It wasn’t my bed. Dear God it could’ve been. It could’ve been my bed. But no. Brian made the cuts. Brian receives the punishment.

An hour has passed since we first found it. I’m in the tube, and I can still smell it. Thicker than marmite, the smell of her dirty protest. This was a smell with a name, and its name was Tartarus. We shouldn’t have clipped the nails. WE SHOULDN’T HAVE CLIPPED THE NAILS!

There it was, lying on the bed. Perfectly central. Soft and wet. Settling gently into the fluff, sending it’s airborne horror far and wide. Pigeons died outside the window. Across the river a bloodhound vomited. Mutant fish bobbed lifeless in a line across the Thames from the bedroom window. A long way from here, the man from Delmonte said no to a perfectly good crop of oranges.

Retching, scarf over nose, I gathered it up in loo roll. It was reluctant to do my bidding, this soft cat shit. It rolled and broke and stuck. It tried to attach to my clothes, to jump in my face. It did not go softly. It raged.

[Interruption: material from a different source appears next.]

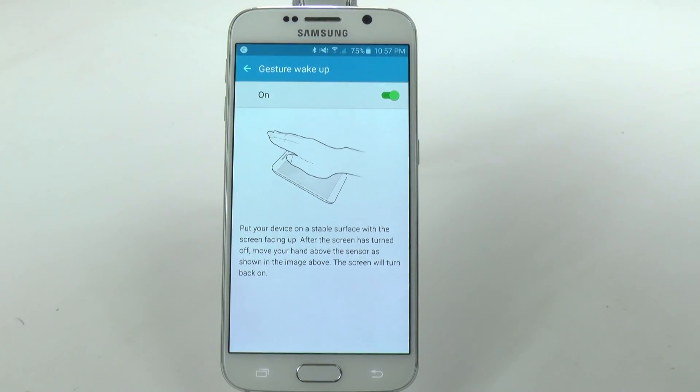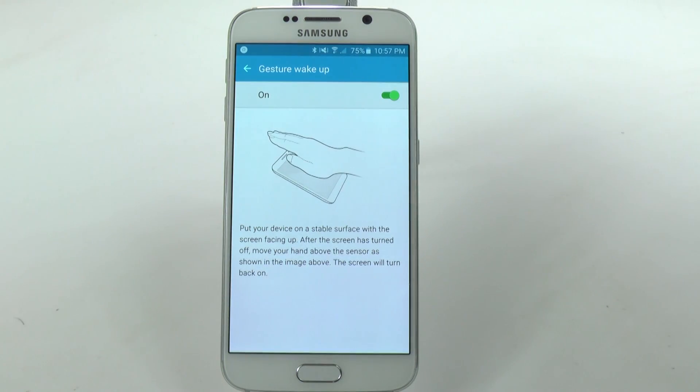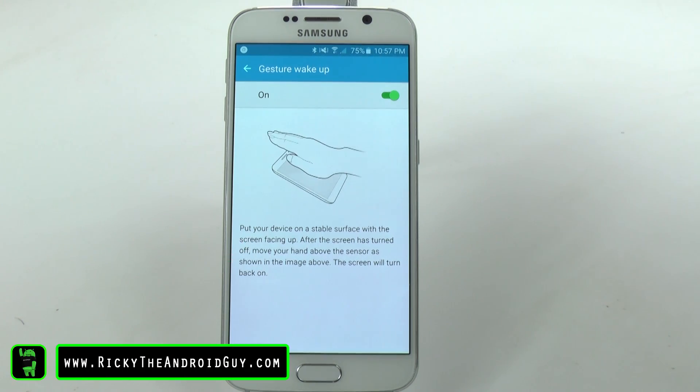This is going to be really useful, especially when driving. If my screen turned off while I was playing music, I can just hover right over here and the screen will turn back on without me needing to press any buttons at all. Let me know what you guys think — do you find this useful, or can you think of any other time when this would be more useful? Let me know in the comment section down below.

At one point it growled at me. All the while a small cat looked on passively. “Nothing to do with me. Love me.”

It’s gone now. Or I think it’s gone oh God I think it’s gone. Mel and I are on the tube into work. But we can still smell it. It’s like we’re still back there. YOU WEREN’T THERE! Mel and I have just checked each other’s clothes. It’s like we missed a little bit of the sinister shitworm and it’s hiding in our wake, reforming as we head for Carol. When the meal comes out in the matinee, there it’ll be, bigger than ever, plumb in the middle of the table, laughing maniacally as the audience dissolves.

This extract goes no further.